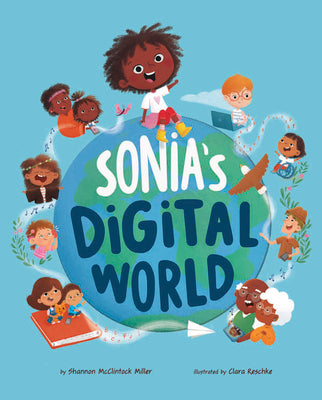 Sonia's Digital World by Shannon McClintock Miller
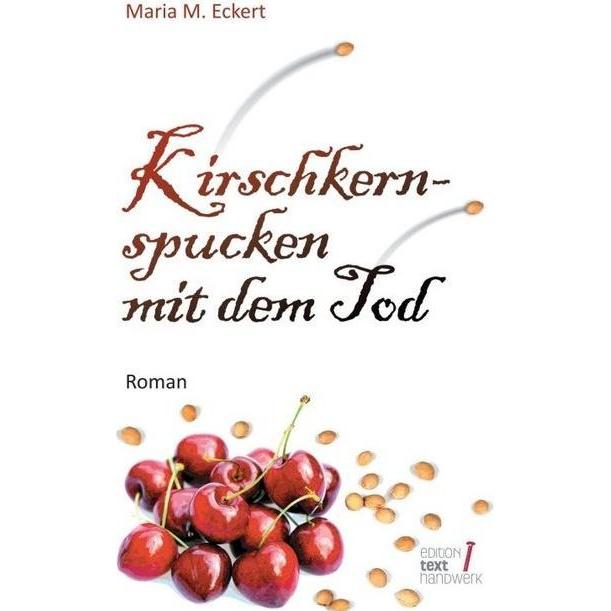 Kirschkernspucken mit dem Tod, Belletristik von Maria M. Eckert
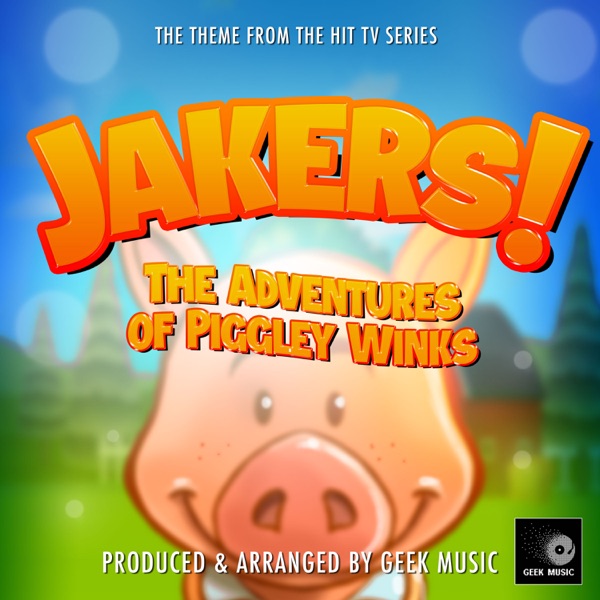 Jakers! The Adventures of Piggley Winks Main Theme (From "Jakers! The Adventures of Piggley Winks")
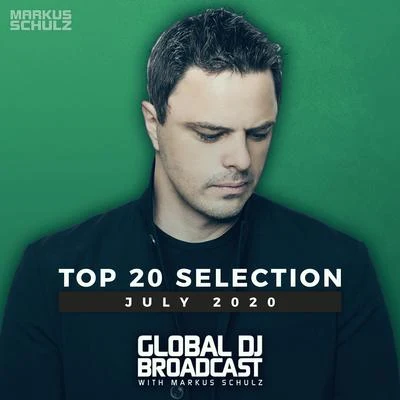 DH/Copini/Markus Schulz/Daimy Lotus/Dustin Husain/Daniel Ortgiess/Ad Astra/Saad Ayub/HALIENE/YelowGlobal DJ Broadcast - Top 20 July 2020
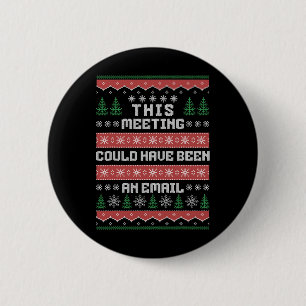 Dieses Treffen hätte eine E-Mail-Ugly Christm sein Button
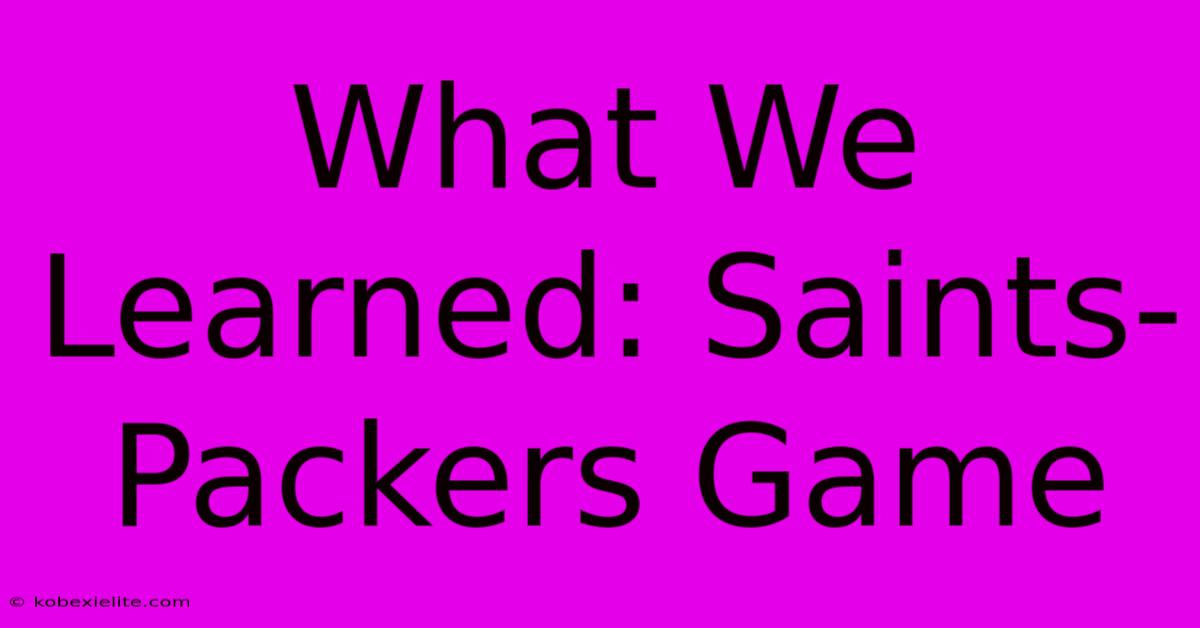 What We Learned: Saints-Packers Game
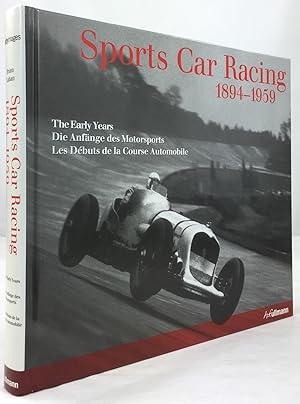 Bild des Verkufers fr Sports Car Racing 1894 - 1959. The Early Years. / Die Anfnge des Motorsports. / Les Dbuts de la Course Automobile. Picture research by Alex Linghorn. zum Verkauf von Antiquariat Heiner Henke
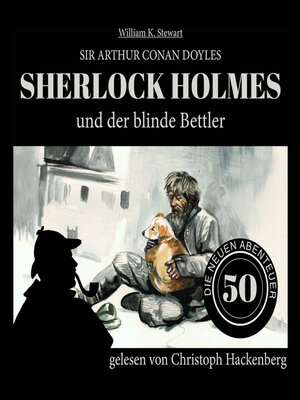 cover image of Sherlock Holmes und der blinde Bettler--Die neuen Abenteuer, Folge 50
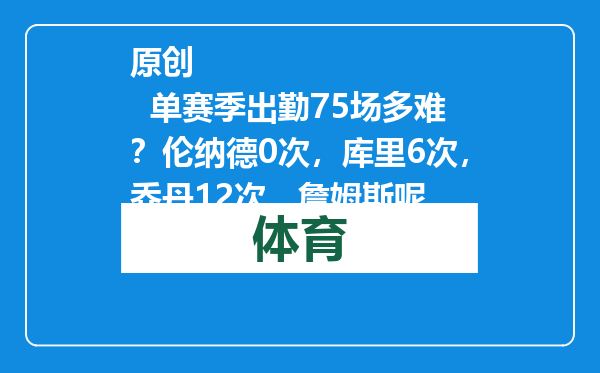 原创            单赛季出勤75场多难？伦纳德0次，库里6次，乔丹12次，詹姆斯呢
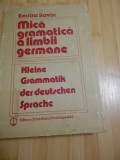 EMILIA SAVIN--MICA GRAMATICA A LIMBII GERMANE - 1985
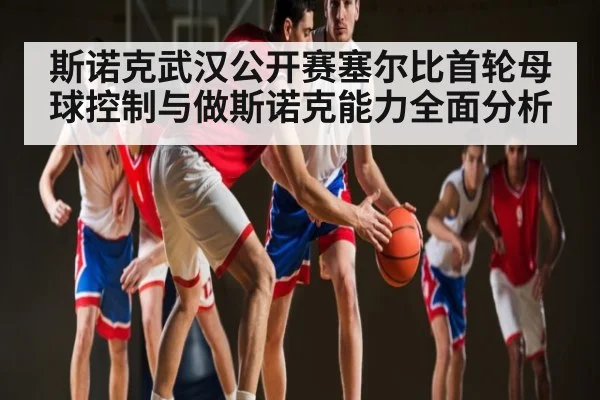斯诺克武汉公开赛塞尔比首轮母球控制与做斯诺克能力全面分析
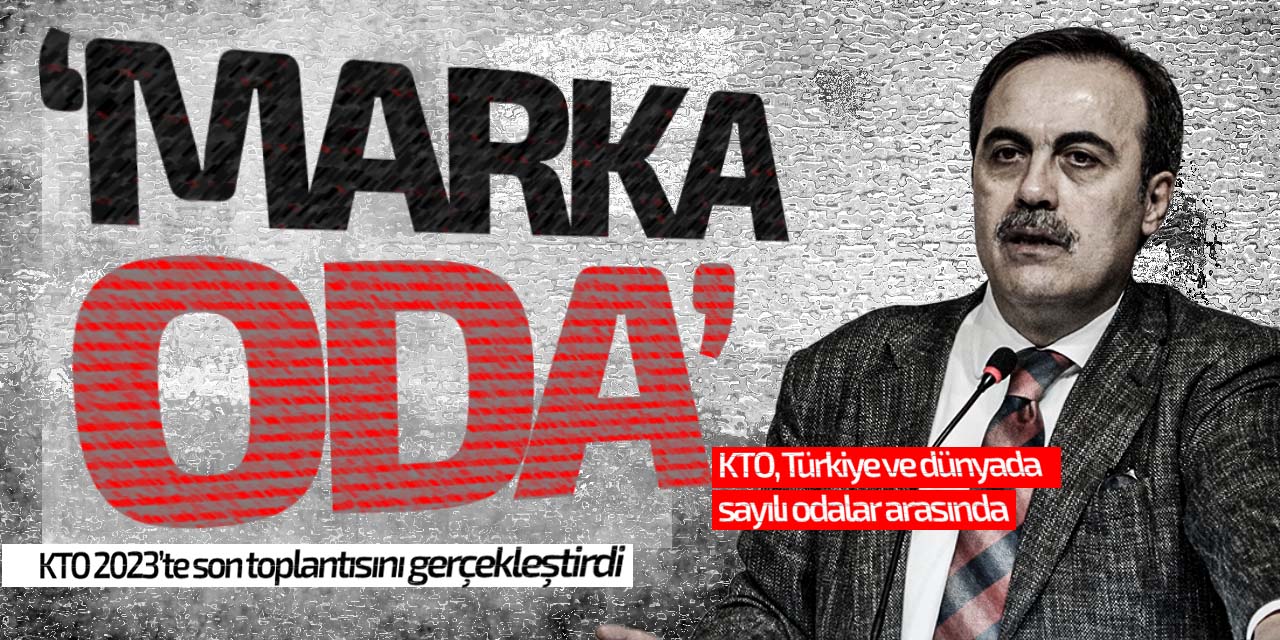 KTO 'Marka Oda'! KTO 2023'te son toplantısını gerçekleştirdi
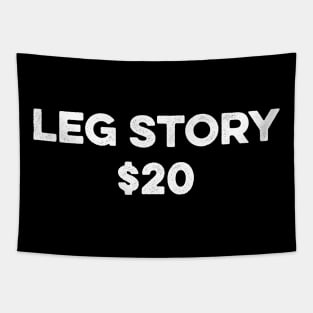 Amputee Leg Story Humor Funny Quote - Leg Story 20$ Tapestry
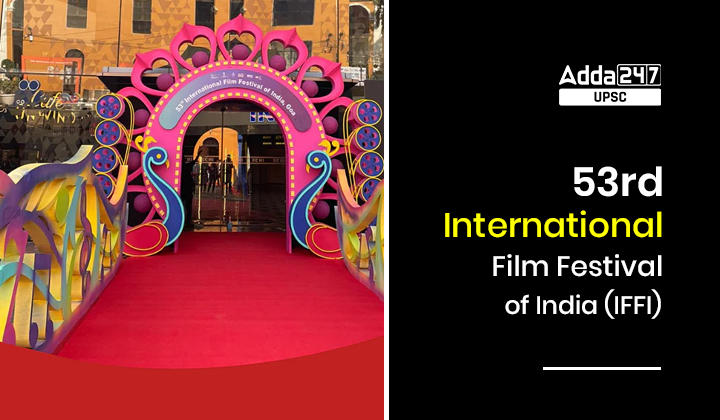 53 वां भारतीय अंतर्राष्ट्रीय फिल्म महोत्सव (IFFI)_30.1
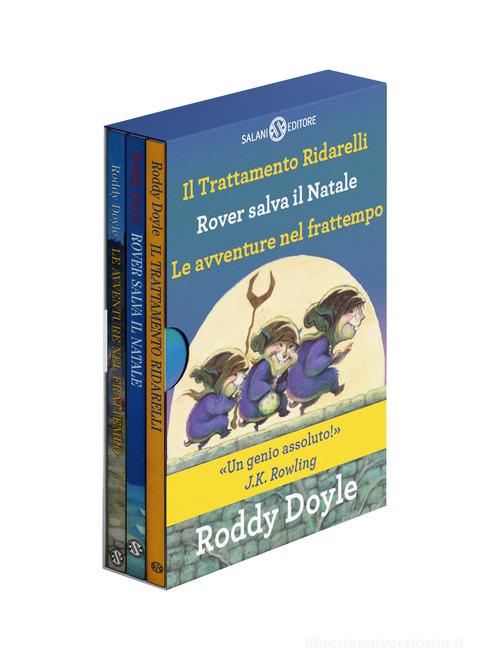 Cofanetto Ridarelli: Il trattamento ridarelli-Rover salva il Natale-Le avventure nel frattempo di Roddy Doyle edito da Salani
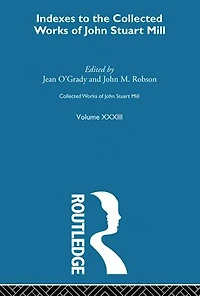 Collected Works of John Stuart Mill: XXXIII. Indexes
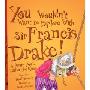 You Wouldn't Want to Explore with Sir Francis Drake!: A Pirate You'd Rather Not Know (图书馆装订)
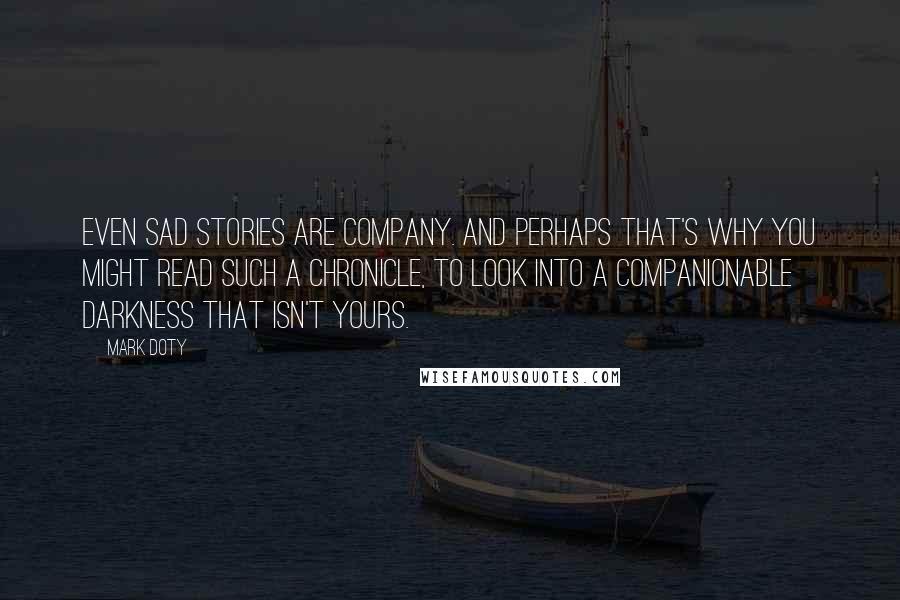 Mark Doty Quotes: Even sad stories are company. And perhaps that's why you might read such a chronicle, to look into a companionable darkness that isn't yours.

* * * * * * *

* WHAT YOU HAVE TO DO
Exactly as written above, retype the lines starting at the one holding "DH/Copini/Markus Schulz/Daimy Lotus/Dustin" and ending at the one holding "53 वां भारतीय", both included, but not the pictures.

* RESULT OF THE EXERCISE
 DH/Copini/Markus Schulz/Daimy Lotus/Dustin Husain/Daniel Ortgiess/Ad Astra/Saad Ayub/HALIENE/YelowGlobal DJ Broadcast - Top 20 July 2020
 Dieses Treffen hätte eine E-Mail-Ugly Christm sein Button
 What We Learned: Saints-Packers Game
 Bild des Verkufers fr Sports Car Racing 1894 - 1959. The Early Years. / Die Anfnge des Motorsports. / Les Dbuts de la Course Automobile. Picture research by Alex Linghorn. zum Verkauf von Antiquariat Heiner Henke
 cover image of Sherlock Holmes und der blinde Bettler--Die neuen Abenteuer, Folge 50
 原创            单赛季出勤75场多难？伦纳德0次，库里6次，乔丹12次，詹姆斯呢
 EMILIA SAVIN--MICA GRAMATICA A LIMBII GERMANE - 1985
斯诺克武汉公开赛塞尔比首轮母球控制与做斯诺克能力全面分析
 KTO 'Marka Oda'! KTO 2023'te son toplantısını gerçekleştirdi
 Amputee Leg Story Humor Funny Quote - Leg Story 20$ Tapestry
 53 वां भारतीय अंतर्राष्ट्रीय फिल्म महोत्सव (IFFI)_30.1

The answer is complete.